> [Exercise materials]
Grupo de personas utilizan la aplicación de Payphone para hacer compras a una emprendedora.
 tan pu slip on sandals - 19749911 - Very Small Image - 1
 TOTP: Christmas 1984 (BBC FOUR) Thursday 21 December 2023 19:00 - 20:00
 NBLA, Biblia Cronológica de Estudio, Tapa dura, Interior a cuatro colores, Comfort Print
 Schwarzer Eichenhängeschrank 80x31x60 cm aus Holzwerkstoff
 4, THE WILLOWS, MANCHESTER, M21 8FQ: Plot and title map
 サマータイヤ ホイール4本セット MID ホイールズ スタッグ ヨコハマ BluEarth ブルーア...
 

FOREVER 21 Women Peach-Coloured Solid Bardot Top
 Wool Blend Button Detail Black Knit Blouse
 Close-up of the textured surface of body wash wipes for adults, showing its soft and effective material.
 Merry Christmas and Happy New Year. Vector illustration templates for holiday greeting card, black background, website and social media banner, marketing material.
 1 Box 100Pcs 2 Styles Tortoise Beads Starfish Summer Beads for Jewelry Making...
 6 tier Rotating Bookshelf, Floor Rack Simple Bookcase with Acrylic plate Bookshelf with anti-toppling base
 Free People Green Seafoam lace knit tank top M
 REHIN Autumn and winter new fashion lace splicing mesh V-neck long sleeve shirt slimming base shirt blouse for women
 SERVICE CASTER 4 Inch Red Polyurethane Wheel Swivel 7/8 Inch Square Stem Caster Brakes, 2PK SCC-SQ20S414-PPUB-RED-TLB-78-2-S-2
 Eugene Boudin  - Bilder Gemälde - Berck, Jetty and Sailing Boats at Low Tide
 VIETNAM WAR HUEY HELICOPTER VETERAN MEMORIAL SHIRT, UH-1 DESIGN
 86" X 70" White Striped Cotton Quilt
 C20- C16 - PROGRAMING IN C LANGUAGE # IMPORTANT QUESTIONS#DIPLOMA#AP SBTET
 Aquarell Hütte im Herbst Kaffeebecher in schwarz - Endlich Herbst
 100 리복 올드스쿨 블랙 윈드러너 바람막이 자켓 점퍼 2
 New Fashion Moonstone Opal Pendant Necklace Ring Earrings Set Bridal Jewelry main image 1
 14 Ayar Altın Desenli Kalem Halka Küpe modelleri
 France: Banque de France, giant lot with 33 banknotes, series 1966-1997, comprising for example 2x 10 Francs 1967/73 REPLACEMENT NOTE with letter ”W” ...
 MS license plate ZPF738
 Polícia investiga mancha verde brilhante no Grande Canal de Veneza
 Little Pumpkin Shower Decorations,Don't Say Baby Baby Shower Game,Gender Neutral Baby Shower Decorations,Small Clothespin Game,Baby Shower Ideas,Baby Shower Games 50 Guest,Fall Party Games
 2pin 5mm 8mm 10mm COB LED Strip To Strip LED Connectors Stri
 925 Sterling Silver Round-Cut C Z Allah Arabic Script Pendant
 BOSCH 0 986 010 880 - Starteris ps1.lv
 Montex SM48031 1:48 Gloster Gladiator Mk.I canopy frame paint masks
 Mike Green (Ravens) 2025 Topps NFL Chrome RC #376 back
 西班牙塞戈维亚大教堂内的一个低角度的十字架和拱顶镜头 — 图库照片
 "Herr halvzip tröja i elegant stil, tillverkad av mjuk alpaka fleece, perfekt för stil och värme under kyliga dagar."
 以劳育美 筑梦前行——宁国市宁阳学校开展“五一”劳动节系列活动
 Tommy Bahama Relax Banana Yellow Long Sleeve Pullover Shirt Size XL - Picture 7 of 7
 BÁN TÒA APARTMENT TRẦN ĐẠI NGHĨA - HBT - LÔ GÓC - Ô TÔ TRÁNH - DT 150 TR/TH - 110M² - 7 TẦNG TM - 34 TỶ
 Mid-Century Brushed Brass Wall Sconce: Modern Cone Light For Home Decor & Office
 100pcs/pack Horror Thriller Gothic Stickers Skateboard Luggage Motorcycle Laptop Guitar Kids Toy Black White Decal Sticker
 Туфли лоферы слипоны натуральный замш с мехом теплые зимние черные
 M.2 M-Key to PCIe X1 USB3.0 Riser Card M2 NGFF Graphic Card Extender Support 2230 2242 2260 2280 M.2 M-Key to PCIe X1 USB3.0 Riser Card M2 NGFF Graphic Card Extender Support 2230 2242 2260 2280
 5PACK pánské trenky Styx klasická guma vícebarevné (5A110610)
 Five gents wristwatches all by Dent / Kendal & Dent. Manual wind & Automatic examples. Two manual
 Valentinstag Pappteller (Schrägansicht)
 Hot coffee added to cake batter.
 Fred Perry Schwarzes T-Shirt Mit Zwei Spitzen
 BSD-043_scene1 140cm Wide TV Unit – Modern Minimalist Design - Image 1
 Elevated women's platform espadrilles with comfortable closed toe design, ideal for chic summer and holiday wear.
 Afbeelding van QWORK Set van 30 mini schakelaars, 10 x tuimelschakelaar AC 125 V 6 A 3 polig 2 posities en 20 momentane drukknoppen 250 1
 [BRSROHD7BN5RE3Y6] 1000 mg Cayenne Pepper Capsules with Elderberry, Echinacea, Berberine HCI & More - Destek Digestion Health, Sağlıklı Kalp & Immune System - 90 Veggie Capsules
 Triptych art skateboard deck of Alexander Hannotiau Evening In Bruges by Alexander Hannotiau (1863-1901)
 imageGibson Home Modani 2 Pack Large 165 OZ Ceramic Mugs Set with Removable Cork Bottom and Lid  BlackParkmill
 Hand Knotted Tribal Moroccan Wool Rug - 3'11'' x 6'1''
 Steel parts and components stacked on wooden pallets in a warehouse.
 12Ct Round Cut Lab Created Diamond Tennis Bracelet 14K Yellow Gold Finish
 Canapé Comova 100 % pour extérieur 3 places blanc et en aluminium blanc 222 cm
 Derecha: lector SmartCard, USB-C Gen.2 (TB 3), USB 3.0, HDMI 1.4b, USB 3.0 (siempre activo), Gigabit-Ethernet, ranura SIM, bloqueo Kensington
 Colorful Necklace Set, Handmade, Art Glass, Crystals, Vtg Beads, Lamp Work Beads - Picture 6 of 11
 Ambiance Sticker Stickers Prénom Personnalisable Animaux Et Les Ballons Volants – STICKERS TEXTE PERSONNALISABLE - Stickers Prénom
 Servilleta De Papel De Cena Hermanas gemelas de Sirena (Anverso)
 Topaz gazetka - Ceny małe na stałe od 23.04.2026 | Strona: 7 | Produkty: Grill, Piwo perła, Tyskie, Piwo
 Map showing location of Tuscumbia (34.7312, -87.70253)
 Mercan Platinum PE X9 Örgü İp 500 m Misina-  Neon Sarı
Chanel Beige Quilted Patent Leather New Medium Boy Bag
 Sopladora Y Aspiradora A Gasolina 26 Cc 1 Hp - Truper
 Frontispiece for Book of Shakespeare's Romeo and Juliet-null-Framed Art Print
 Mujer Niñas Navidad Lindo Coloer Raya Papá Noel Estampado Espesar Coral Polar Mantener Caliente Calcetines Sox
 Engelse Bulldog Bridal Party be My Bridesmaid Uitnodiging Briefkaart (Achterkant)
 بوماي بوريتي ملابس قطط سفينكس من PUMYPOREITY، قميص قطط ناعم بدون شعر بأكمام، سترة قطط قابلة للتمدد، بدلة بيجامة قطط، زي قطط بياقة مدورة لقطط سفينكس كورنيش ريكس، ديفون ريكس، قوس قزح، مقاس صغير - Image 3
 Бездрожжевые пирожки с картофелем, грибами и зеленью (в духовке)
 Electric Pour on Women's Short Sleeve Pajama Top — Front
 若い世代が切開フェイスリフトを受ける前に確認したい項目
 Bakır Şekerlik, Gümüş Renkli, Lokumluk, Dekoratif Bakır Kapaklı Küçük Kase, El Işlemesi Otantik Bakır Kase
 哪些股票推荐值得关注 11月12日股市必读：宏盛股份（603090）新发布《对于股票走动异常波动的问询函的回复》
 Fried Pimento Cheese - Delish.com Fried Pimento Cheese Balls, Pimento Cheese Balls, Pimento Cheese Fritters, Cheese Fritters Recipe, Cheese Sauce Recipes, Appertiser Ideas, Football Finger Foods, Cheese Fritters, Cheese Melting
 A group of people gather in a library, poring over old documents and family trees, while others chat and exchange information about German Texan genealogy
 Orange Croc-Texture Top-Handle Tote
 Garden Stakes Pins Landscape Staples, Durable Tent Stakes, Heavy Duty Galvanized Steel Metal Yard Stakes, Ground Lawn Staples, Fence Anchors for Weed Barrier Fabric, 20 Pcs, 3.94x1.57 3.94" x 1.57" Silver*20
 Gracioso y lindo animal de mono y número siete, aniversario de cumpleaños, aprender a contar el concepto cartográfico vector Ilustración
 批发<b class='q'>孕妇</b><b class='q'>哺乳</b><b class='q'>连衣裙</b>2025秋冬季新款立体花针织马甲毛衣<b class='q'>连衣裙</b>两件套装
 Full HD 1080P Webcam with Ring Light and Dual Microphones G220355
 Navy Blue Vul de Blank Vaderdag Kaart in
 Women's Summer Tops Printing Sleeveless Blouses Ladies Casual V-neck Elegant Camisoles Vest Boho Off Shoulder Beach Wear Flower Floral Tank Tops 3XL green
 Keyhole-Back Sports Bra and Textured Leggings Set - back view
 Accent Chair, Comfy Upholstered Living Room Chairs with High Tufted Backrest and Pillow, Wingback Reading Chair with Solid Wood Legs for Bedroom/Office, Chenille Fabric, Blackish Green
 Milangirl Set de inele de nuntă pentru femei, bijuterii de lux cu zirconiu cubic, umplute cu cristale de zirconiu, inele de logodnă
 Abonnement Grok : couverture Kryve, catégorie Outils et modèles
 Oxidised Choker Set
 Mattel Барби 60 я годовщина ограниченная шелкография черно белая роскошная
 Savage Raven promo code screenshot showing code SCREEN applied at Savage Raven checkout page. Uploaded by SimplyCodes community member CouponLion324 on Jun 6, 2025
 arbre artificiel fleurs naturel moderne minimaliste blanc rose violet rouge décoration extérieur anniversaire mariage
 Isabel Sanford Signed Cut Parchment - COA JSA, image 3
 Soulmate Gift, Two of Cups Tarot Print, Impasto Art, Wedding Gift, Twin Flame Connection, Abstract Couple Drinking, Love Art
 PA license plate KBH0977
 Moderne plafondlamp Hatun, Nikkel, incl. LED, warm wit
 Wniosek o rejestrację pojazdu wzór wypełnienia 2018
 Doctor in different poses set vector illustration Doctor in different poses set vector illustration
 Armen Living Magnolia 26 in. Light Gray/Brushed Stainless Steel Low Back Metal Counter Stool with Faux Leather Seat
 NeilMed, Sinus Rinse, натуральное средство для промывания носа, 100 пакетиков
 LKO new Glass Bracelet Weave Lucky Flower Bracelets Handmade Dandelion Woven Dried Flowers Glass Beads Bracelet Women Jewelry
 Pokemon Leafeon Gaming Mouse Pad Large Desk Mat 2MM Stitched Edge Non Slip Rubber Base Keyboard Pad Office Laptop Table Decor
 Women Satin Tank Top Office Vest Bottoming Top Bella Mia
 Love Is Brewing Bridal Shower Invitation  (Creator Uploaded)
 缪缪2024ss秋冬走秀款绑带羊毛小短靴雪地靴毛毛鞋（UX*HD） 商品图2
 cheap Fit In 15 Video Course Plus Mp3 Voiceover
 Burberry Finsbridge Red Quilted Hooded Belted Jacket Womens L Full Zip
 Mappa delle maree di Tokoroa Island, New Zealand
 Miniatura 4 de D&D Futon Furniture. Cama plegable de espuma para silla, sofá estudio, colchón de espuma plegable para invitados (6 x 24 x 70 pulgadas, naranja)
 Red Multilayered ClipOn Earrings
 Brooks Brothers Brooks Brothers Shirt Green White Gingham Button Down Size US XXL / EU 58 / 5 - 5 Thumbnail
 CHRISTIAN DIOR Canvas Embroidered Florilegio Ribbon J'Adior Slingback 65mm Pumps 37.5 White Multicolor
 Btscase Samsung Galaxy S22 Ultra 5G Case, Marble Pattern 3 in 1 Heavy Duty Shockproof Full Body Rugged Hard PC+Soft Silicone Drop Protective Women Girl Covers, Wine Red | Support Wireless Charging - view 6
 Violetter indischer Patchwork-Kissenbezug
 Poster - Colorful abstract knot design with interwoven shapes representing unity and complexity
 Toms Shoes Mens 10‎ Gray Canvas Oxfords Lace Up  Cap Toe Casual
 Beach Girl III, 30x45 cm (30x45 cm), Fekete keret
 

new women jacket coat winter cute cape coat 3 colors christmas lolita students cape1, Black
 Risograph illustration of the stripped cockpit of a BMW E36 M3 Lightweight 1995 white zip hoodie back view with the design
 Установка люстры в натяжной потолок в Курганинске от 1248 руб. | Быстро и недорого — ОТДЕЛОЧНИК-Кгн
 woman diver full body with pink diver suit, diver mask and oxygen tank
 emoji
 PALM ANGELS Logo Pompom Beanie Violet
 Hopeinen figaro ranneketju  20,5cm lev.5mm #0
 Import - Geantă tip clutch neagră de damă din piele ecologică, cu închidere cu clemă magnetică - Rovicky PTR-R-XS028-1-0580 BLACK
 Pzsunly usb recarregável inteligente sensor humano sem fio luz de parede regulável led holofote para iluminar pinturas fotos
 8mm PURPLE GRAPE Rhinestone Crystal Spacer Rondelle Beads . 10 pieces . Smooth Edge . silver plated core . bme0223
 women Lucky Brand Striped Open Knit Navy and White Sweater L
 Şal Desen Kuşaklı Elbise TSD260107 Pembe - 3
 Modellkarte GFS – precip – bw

> [Description of the task] The range runs from the line above containing "tan pu slip" to the line containing "NBLA, Biblia Cronológica", inclusive. Restate those lines word for word and no others.

> [Exercise response]
 tan pu slip on sandals - 19749911 - Very Small Image - 1
 TOTP: Christmas 1984 (BBC FOUR) Thursday 21 December 2023 19:00 - 20:00
 NBLA, Biblia Cronológica de Estudio, Tapa dura, Interior a cuatro colores, Comfort Print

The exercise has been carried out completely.